African-American singer

Ivory Winston (August 11, 1911 – August 6, 1996) was an African-American singer. She sang for President Harry S. Truman, Governor William S. Beardsley, and others. She was named "Iowa's First Lady of Song."

==Career==
Winston's recital debut was in May 1946 at Ottumwa Heights College. She sang at Harry S. Truman's birthday, during his presidential campaign throughout the Midwestern United States. At Drake University in June 1950, Winston had one of the top rankings at a music festival that was hosted by The Des Moines Register. She sang her song in July 1950 at a Republican Convention in Des Moines, in which she performed for Iowa Republicans and Governor William S. Beardsley. Winston won at the Iowa Greater Talent Search and won a radio competition that was aired nationally. She was a coloratura soprano. She was named "Iowa's First Lady of Song". When her children grew up, her daughter played the violin for her while her son played the cello. Despite her success, Winston and her family faced racism while moving to a different Ottumwa neighborhood due to a petition against them moving.

Winston died on August 6, 1996, without being able to perform professionally. There were some recordings of her music at one point, but they have been lost according to her family. The African American Museum of Iowa holds photographs of Winston, including her in a 1951 performance, and the University of Iowa holds papers relating to her career.

==Early life==
Winston was born in Iowa to Effie and Reverend E. P. Green in 1911 as part of a Baptist household. Winston had no siblings and moved between pastorates as a teenager while studying to become a concert pianist.

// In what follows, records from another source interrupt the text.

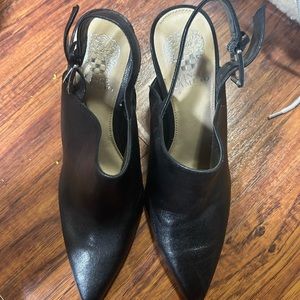 Vince Camuto black leather sling back mule/heel, great condition, size 10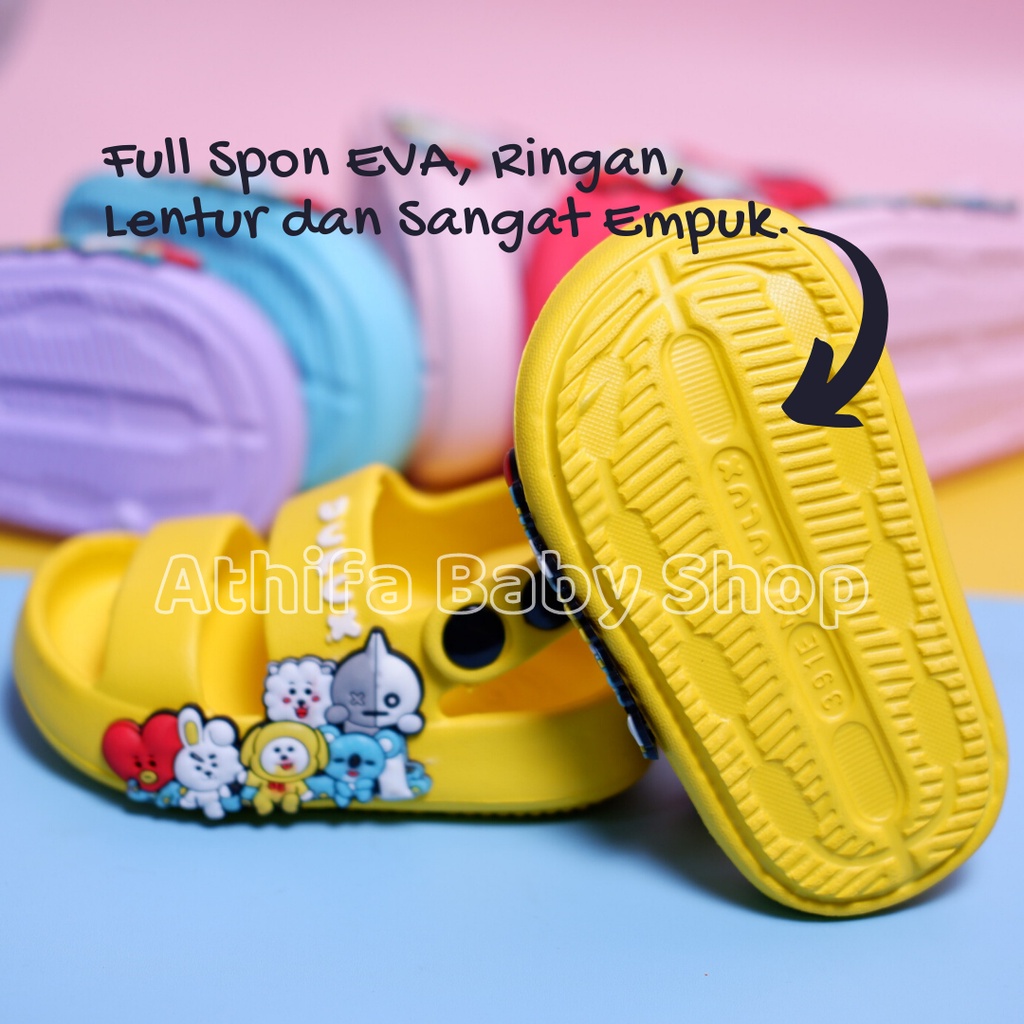 Sepatu Sandal Anak Perempuan Bayi Balita Usia 6 7 8 9 10 11 Bulan 1 2 3 Tahun Sendal Gunung Karet Karakter Cewek Spatu Sandal Spon Prewalker Phylon Ringan -Dulux 391e-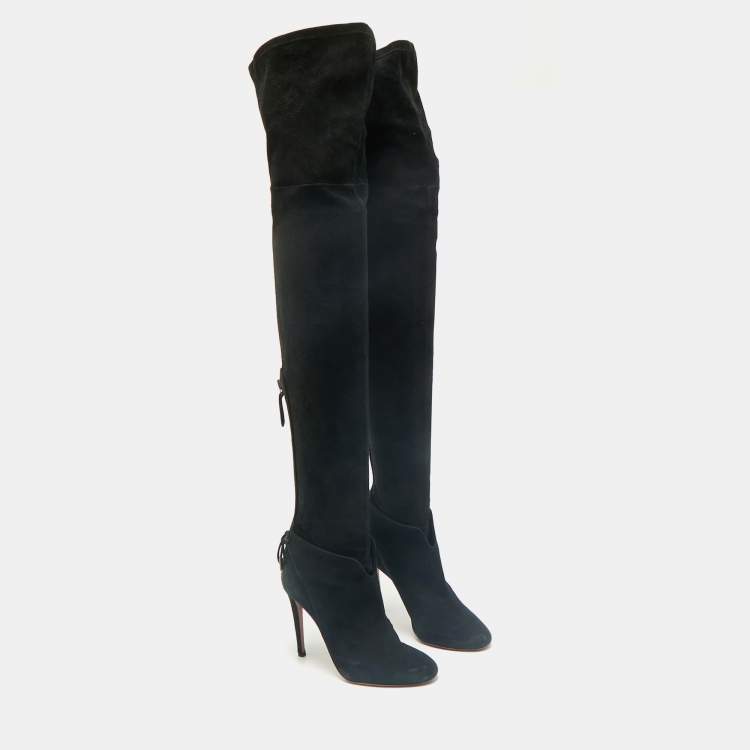 Pre Owned Aquazzura Black Suede Gainsbourg Knee Length Boots Size 35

Attending church helped Ivory improve her singing, and she moved to Ottumwa, Iowa, when her father became a pastor of the Second Baptist Church. Winston attended Drake University to study music and languages, while also attending Ottumwa Heights College as a music student. Winston also studied at Parsons College. She married Clyde Melvin Winston, who worked at John Morrell, in 1936. She might have met her husband at the Second Baptist Church, where they both attended. They had two children, Berta Lou and Byron. Winston was able to train her voice as a housewife by singing while working.

==Death==
Winston died on August 6, 1996; 5 days before her 85th birthday. She was unable to record professionally.